我们继续下面的 runtime·rt0_go函数.

TEXT runtime·rt0_go(SB),NOSPLIT,$0
//...
// 1.初始化全局变量g0
//...
// 2.m0和g0绑定在一起
//...
// 3.设置nCPU/M/P的个数,初始化m0,allp
//...
// 4.创建main goroutine
//...
// 5.开始M
    CALL	runtime·mstart(SB) // start this M
    CALL	runtime·abort(SB)  // mstart should never return
    RET
    // Prevent dead-code elimination of debugCallV1, which is
    // intended to be called by debuggers.
    MOVQ	$runtime·debugCallV1(SB), AX
    RET

mstart #

mstart 是一个新M切入点, 它主要是再检查下此M对应g0栈是否有创建,设置一下g0的stackguard0.

// mstart is the entry-point for new Ms.
//
// This must not split the stack because we may not even have stack
// bounds set up yet.
//
// May run during STW (because it doesn't have a P yet), so write
// barriers are not allowed.
//
//go:nosplit
//go:nowritebarrierrec
func mstart() {
	_g_ := getg()  // g0

	osStack := _g_.stack.lo == 0
	/*  ? linux的话， 从runtime·rt0_go我们知道，g0的stack.lo,不是为0的.
		// create istack out of the given (operating system) stack.
		// _cgo_init may update stackguard.
		MOVQ	$runtime·g0(SB), DI
		LEAQ	(-64*1024+104)(SP), BX
		MOVQ	BX, g_stackguard0(DI)
		MOVQ	BX, g_stackguard1(DI)
		MOVQ	BX, (g_stack+stack_lo)(DI)
		MOVQ	SP, (g_stack+stack_hi)(DI)
	*/
	if osStack {
		// Initialize stack bounds from system stack.
		// Cgo may have left stack size in stack.hi.
		// minit may update the stack bounds.
		size := _g_.stack.hi
		if size == 0 {
			size = 8192 * sys.StackGuardMultiplier
		}
		_g_.stack.hi = uintptr(noescape(unsafe.Pointer(&size)))
		_g_.stack.lo = _g_.stack.hi - size + 1024
	}
	// Initialize stack guard so that we can start calling regular
	// Go code.
	_g_.stackguard0 = _g_.stack.lo + _StackGuard  //这个stackguard0比stack.lo大，防止越界
	// This is the g0, so we can also call go:systemstack
	// functions, which check stackguard1.
	_g_.stackguard1 = _g_.stackguard0 //stackguard1的作用是栈溢出检查，如果是stackguard0与stackguard1相等，那么是不能放数据到g0栈中了吗
	mstart1()

	// Exit this thread.
	if GOOS == "windows" || GOOS == "solaris" || GOOS == "illumos" || GOOS == "plan9" || GOOS == "darwin" || GOOS == "aix" {
		// Windows, Solaris, illumos, Darwin, AIX and Plan 9 always system-allocate
		// the stack, but put it in _g_.stack before mstart,
		// so the logic above hasn't set osStack yet.
		osStack = true
	}
	mexit(osStack)
}

mstart1 #

重置一下g0的pc/sp为caller的pc/sp, 而mstart1的caller就是mstart

记录调用者，以便在mcall中作为堆栈顶部使用，并用于终止线程。
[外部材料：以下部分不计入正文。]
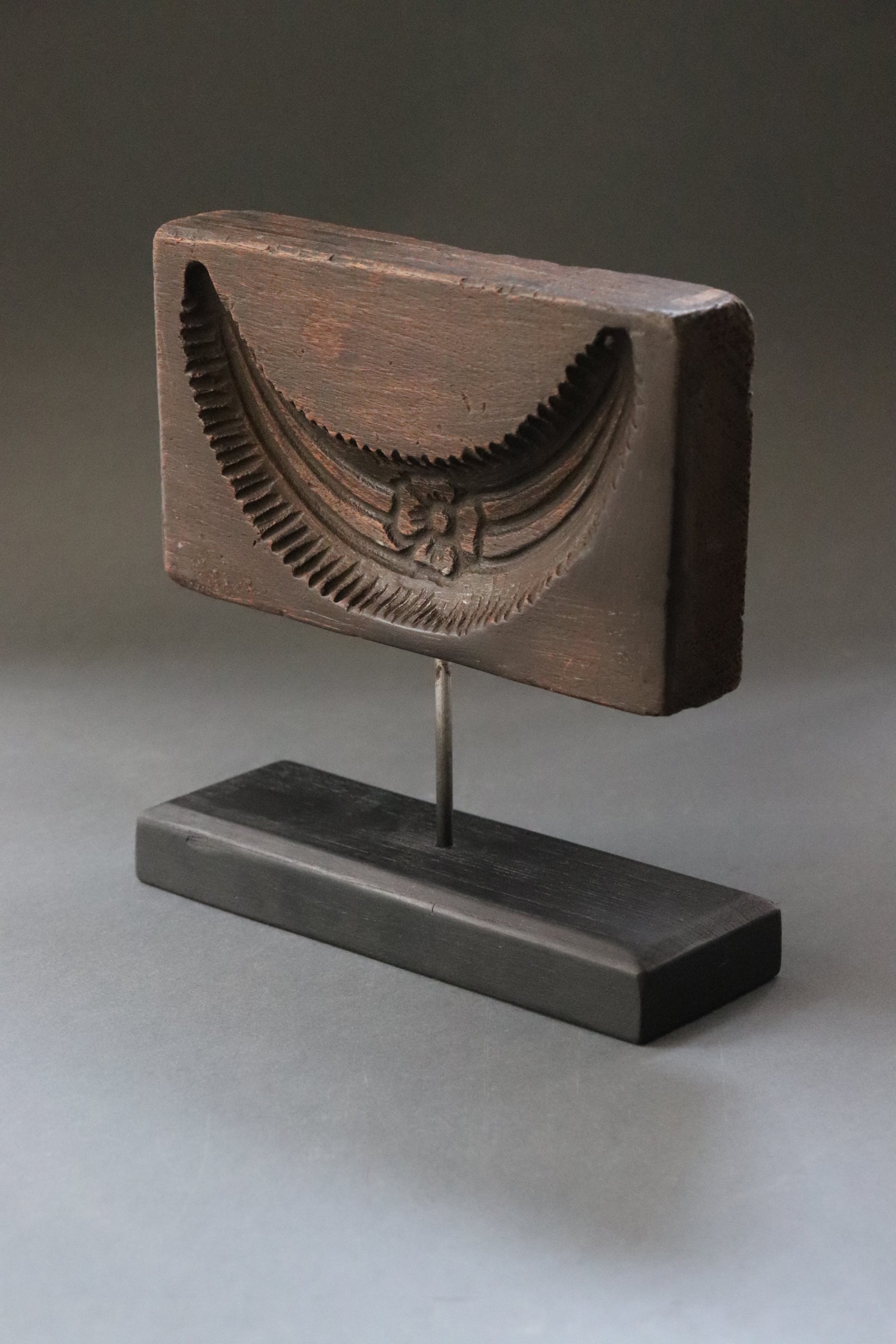 Plaque with deep relief of Shiva’s crescent moon carved in jackfruit tree wood. The crescent worn by Lord Shiva the moon in its fifth day phase and symbolizes the cycle of time through which the process of creation evolves, the beginning till the end. From Kerela, should be early 1900s.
我们在调用schedule之后就不会再回到mstart1，所以其他调用可以重复使用当前的帧。

func mstart1() {
	_g_ := getg()   //g0

	if _g_ != _g_.m.g0 {
		throw("bad runtime·mstart")
	}

	// Record the caller for use as the top of stack in mcall and
	// for terminating the thread.
	// We're never coming back to mstart1 after we call schedule,
	// so other calls can reuse the current frame.
	save(getcallerpc(), getcallersp()) //就是把pc, sp保存到自己的sched里面， 但是bp寄存器没有保存，因为会重新使用这个栈？
	/*
	这里不是当前的, 因为后面调用schedule函数后，还会再回到mstart1函数,但是永远不会进入到mstart函数
		getcallerpc()返回的是mstart调用mstart1时被call指令压栈的返回地址， bp+1 ?
		getcallersp()函数返回的是调用mstart1函数之前mstart函数的栈顶地址    bp ?
	*/
	asminit()
	minit() //初始化信号

	// Install signal handlers; after minit so that minit can
	// prepare the thread to be able to handle the signals.
	// 安装信号处理程序;所以minit可以准备线程以便能够处理信号, 在minit之后执行
	if _g_.m == &m0 {
		mstartm0()
	}

	if fn := _g_.m.mstartfn; fn != nil {   //如果m的mstartfn不是空的，先执行它
		fn()
	}

	if _g_.m != &m0 { // 如果m不等于m0  就是m0的话,前面m0和allp[0]已经绑定了
		acquirep(_g_.m.nextp.ptr()) //TODO zxc 这个acquirep函数是把m和m.nextp进行绑定,如果到这里的时候,nextp已经状态不是空闲的状态,
		                            //那么会抛出错误?
		_g_.m.nextp = 0
	}
	schedule() //进入调度
}

20220623194734

保存pc,sp到g0 #

save函数保存pc,sp到g0,方便下次再度调度运行g0

Expand ↕

list /usr/lib/golang/src/runtime/proc.go:1167
list /usr/lib/golang/src/runtime/proc.go:1179
list /usr/lib/golang/src/runtime/proc.go:1190

[root@gitlab kubernets]# gdb test

GNU gdb (GDB) Red Hat Enterprise Linux 7.6.1-119.el7
Copyright (C) 2013 Free Software Foundation, Inc.
License GPLv3+: GNU GPL version 3 or later <http://gnu.org/licenses/gpl.html>
This is free software: you are free to change and redistribute it.
There is NO WARRANTY, to the extent permitted by law.  Type "show copying"
and "show warranty" for details.
This GDB was configured as "x86_64-redhat-linux-gnu".
For bug reporting instructions, please see:
<http://www.gnu.org/software/gdb/bugs/>...
Reading symbols from /tmp/kubernets/test...done.
Loading Go Runtime support.

(gdb) list /usr/lib/golang/src/runtime/proc.go:1167

1162		// Go code.
1163		_g_.stackguard0 = _g_.stack.lo + _StackGuard
1164		// This is the g0, so we can also call go:systemstack
1165		// functions, which check stackguard1.
1166		_g_.stackguard1 = _g_.stackguard0
1167		mstart1()
1168
1169		// Exit this thread.
1170		if GOOS == "windows" || GOOS == "solaris" || GOOS == "illumos" || GOOS == "plan9" || GOOS == "darwin" || GOOS == "aix" {
1171			// Windows, Solaris, illumos, Darwin, AIX and Plan 9 always system-allocate

(gdb) b 1167

Breakpoint 1 at 0x42dd09: file /usr/lib/golang/src/runtime/proc.go, line 1167.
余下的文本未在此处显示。